WHAT YOU SHOULD DO — Your answer should consist only of the records, copied exactly, with the images removed.

DATA FOR REVIEW —
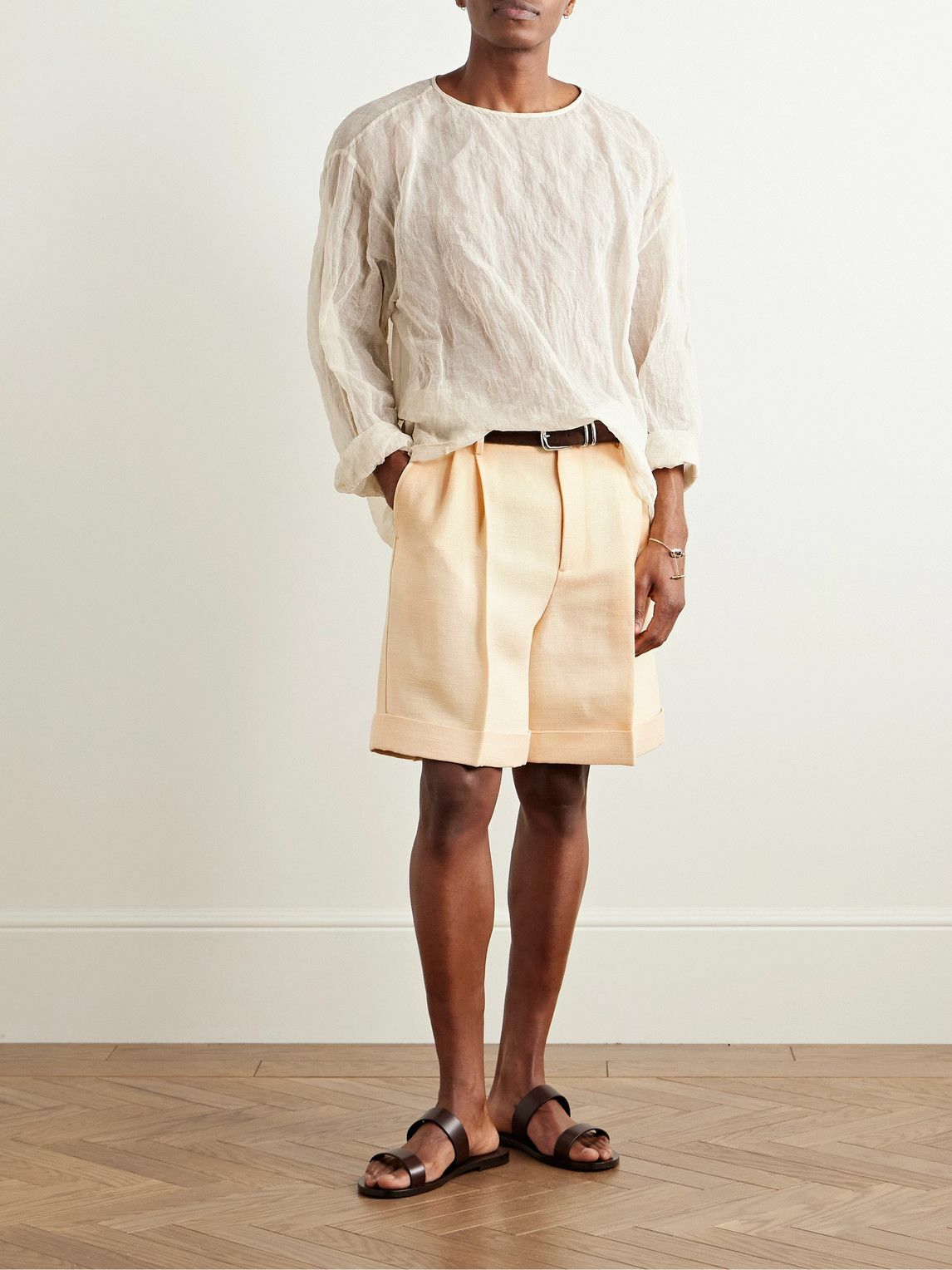Valentino Garavani - Wide-Leg Pleated Canvas Shorts - Neutrals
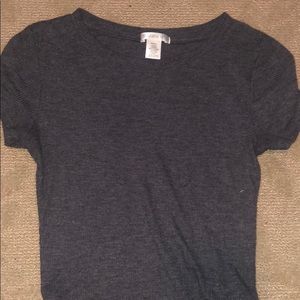 grey fitted crop top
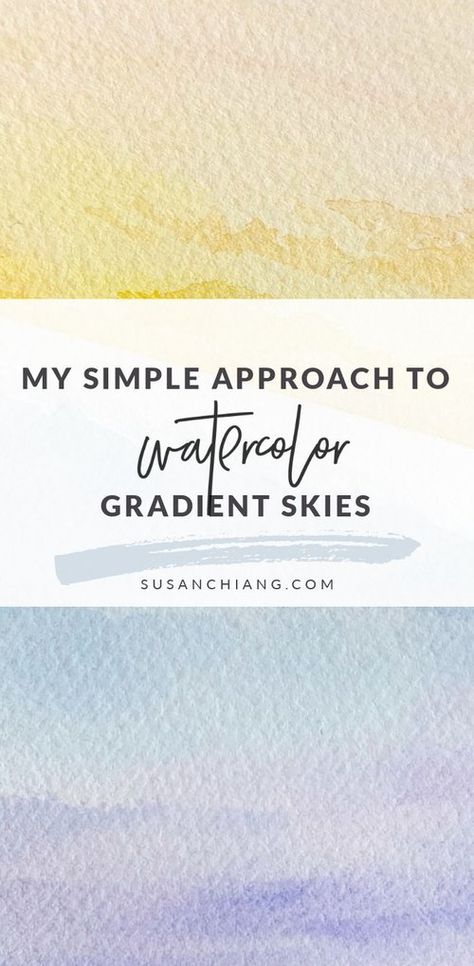 Watercolor Gradient Skies Pinterest Simple Watercolor Sunset, Gradient Watercolor Painting, How To Watercolor Background, Watercolour Background Tutorial, Watercolor Art Sky, Watercolor Sky Tutorial, Watercolour Gradient, Watercolor Sky Background, Nurita Harith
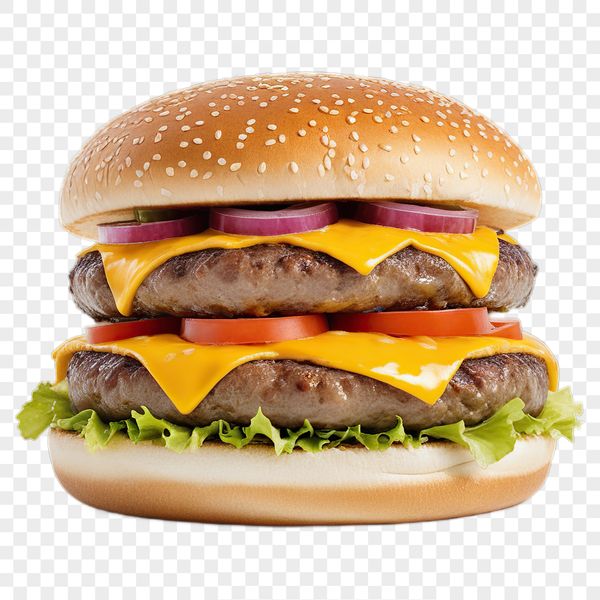 A high-resolution illustration of a cheeseburger with a clear background, suitable for printing and creative projects.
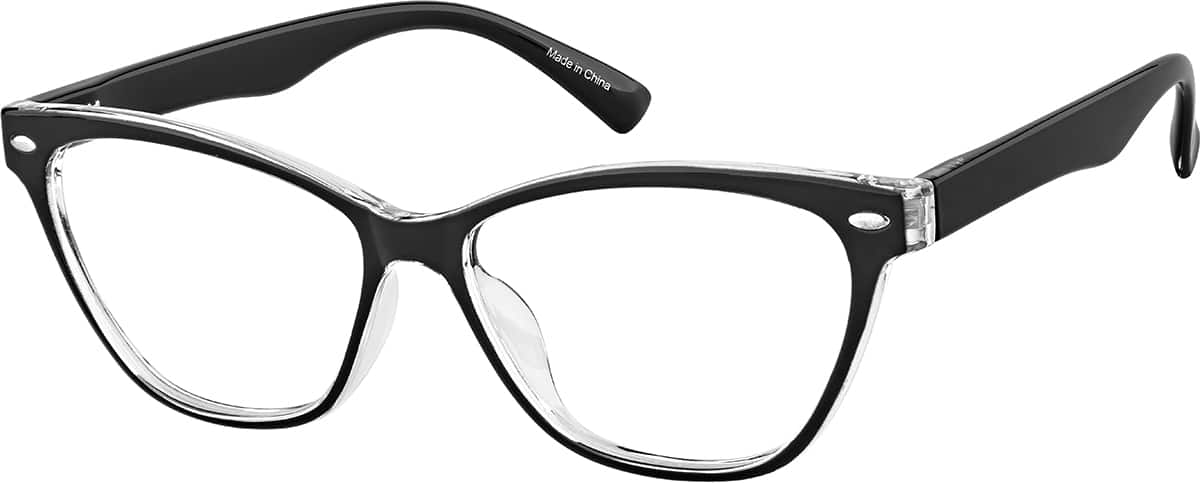 Angle view of Cat-Eye Glasses 2045721 in Black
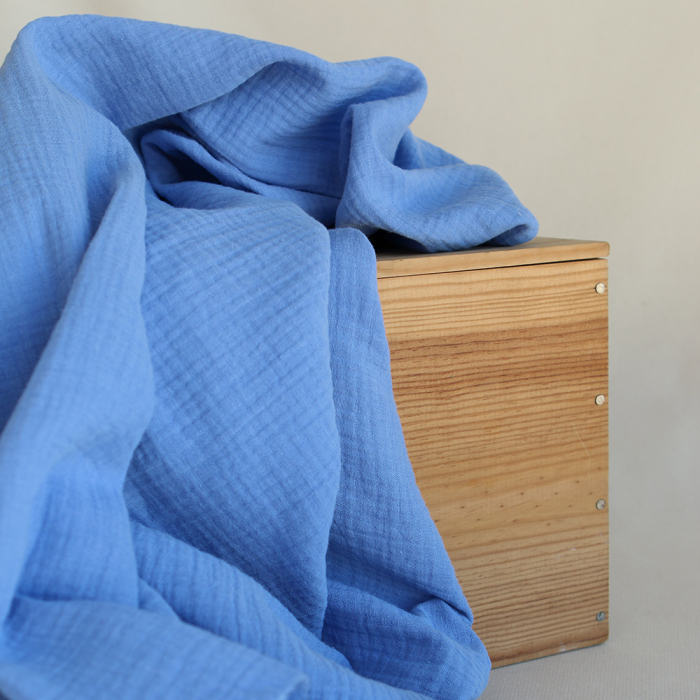 Double gaze de coton BIO unie bleuet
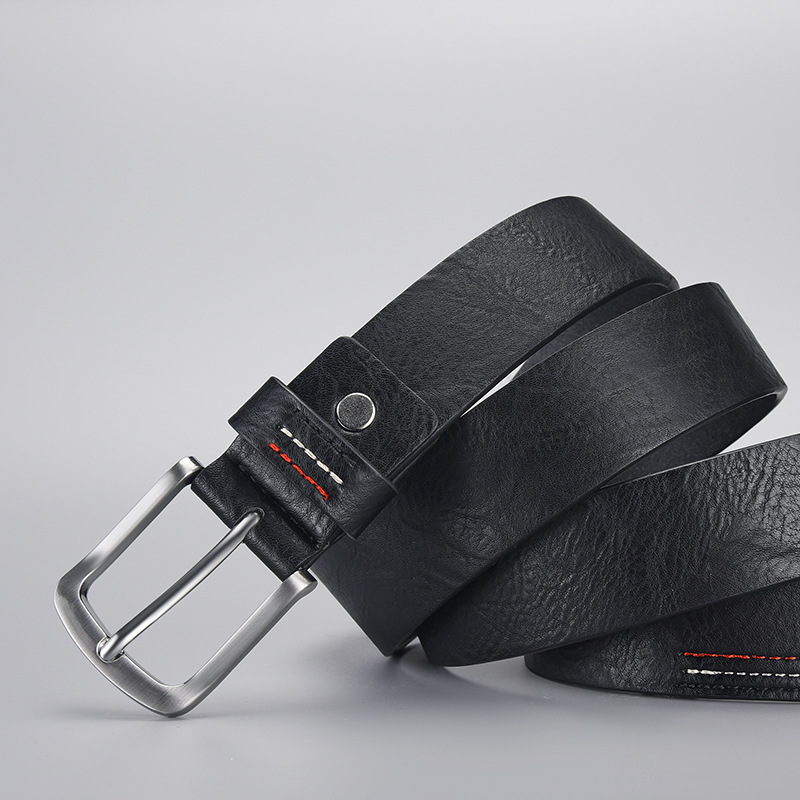 Men's Retro Silver Buckle Contrast Stitching Textured PU Leather Belt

SOLUTION TO THE EXERCISE —
Valentino Garavani - Wide-Leg Pleated Canvas Shorts - Neutrals
 grey fitted crop top
 Watercolor Gradient Skies Pinterest Simple Watercolor Sunset, Gradient Watercolor Painting, How To Watercolor Background, Watercolour Background Tutorial, Watercolor Art Sky, Watercolor Sky Tutorial, Watercolour Gradient, Watercolor Sky Background, Nurita Harith
 A high-resolution illustration of a cheeseburger with a clear background, suitable for printing and creative projects.
 Angle view of Cat-Eye Glasses 2045721 in Black
 Double gaze de coton BIO unie bleuet
 Men's Retro Silver Buckle Contrast Stitching Textured PU Leather Belt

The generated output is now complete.